To measure changes in behavior across training runs, we can evaluate performance on curated data sets across each of the runs.
To discern information that is not tied to pre-existing human concepts we try and decompose representations into principal factors. We can the measure covariance between single neurons and the inputs to find the correlation between features and neurons.
In relation to the AlphaZero network it was found that:
  1. Many human concepts are found within the network
    1. Many human concepts can be regressed from internal representations
  2. A detailed picture of knowledge acquired during training can be gained
    1. Measure the emergence of information over the course of training
    2. Many (human) concepts arise early in the training
  3. High-level concepts emerge toward the end of the training
  4. There are similarities to the historical development of human play
When it comes to model interpretability there are two approaches:
  1. Build inherently interpretable models
  2. Generate post-hoc explanations for already trained models
Concept-based interpretability tries to understand models in terms of human concepts.
Post-hoc interpretability can be approached by dissecting the network in the search for interpretable units. The challenge with post-hoc interpretability is that understanding causal relationships between behavior and concepts is difficult, especially for large complex models.

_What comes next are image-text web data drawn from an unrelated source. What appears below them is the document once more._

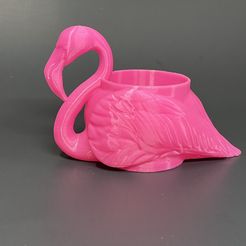 IMG_6248.jpeg Free STL file Cute Flamingo Planter・3D printing template to download
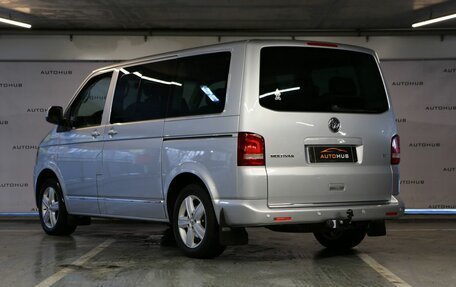Volkswagen Multivan T5, 2011 год, 2 490 000 рублей, 5 фотография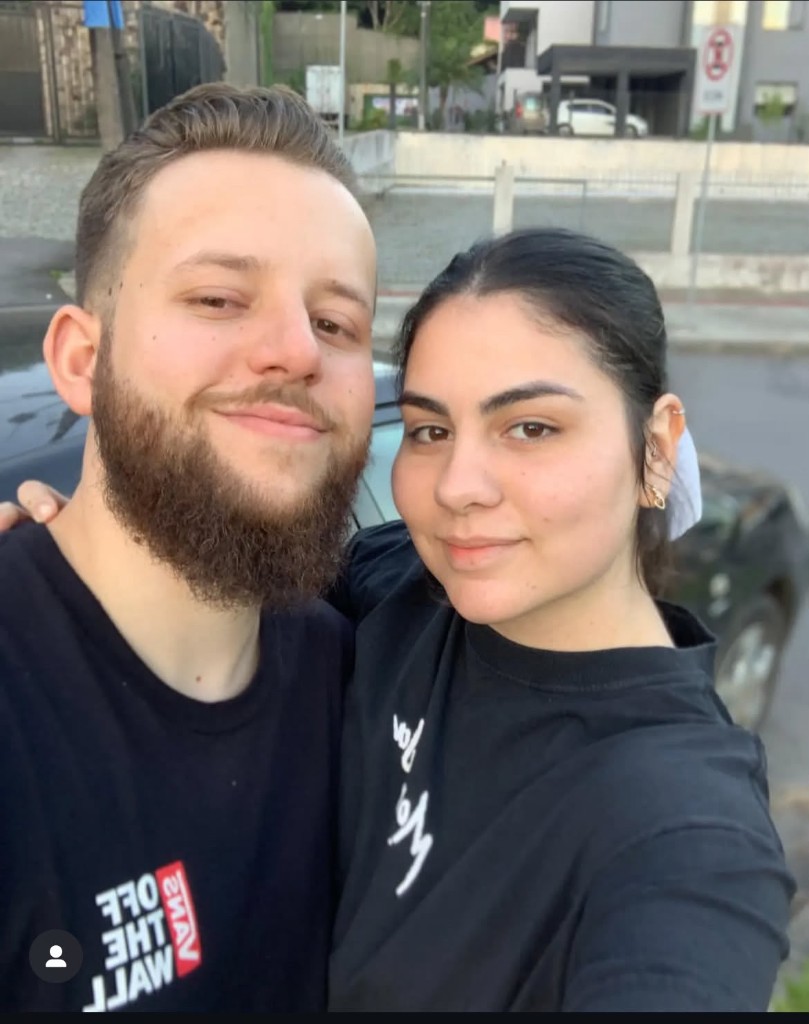 Maicon e Ana — selfie na rua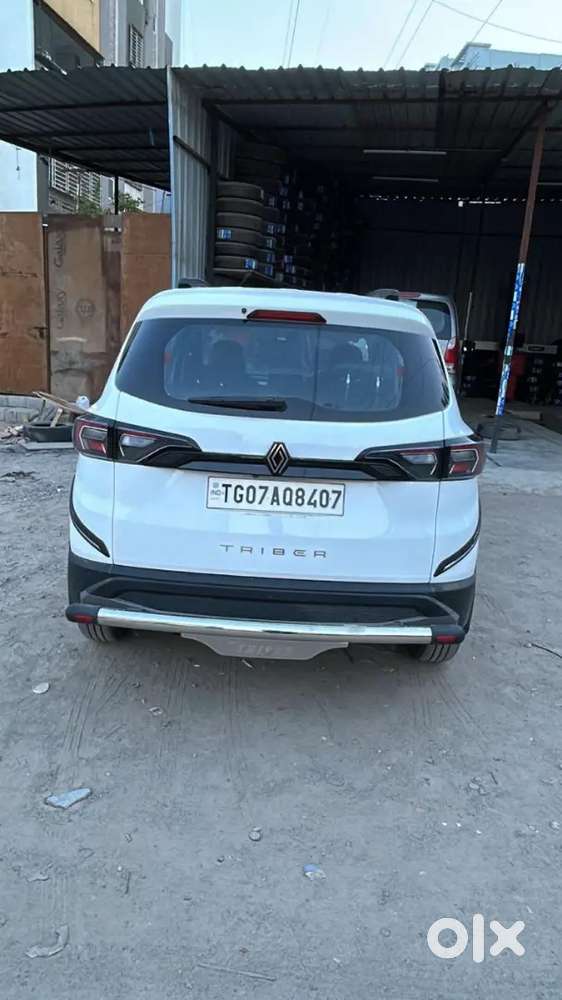Renault Triber 2026 Petrol 4999 Km Driven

There are particular challenges for interpretability in the Reinforcement Learning setting as we have that
  • complexity of the environment
  • complexity of the agent architecture
Representation learning in RL is developing low-dimensional representations for states, policies, and actions. A promising approach is learning these representations alongside the agent. Structural causal models aim to learn action-influence models for the agent. Reward differences can be used to understand why actions are taken. Hierarchical reinforcement learning and sub-task decomposition introduce structure into the action space, making it more interpretable. The above are all examples of creating inherently interpretable RL models. Post-hoc methods include saliency maps, extracting finite-state models of an agent's recurrent state, and analysis of agent behavior by looking at behavioral trajectories.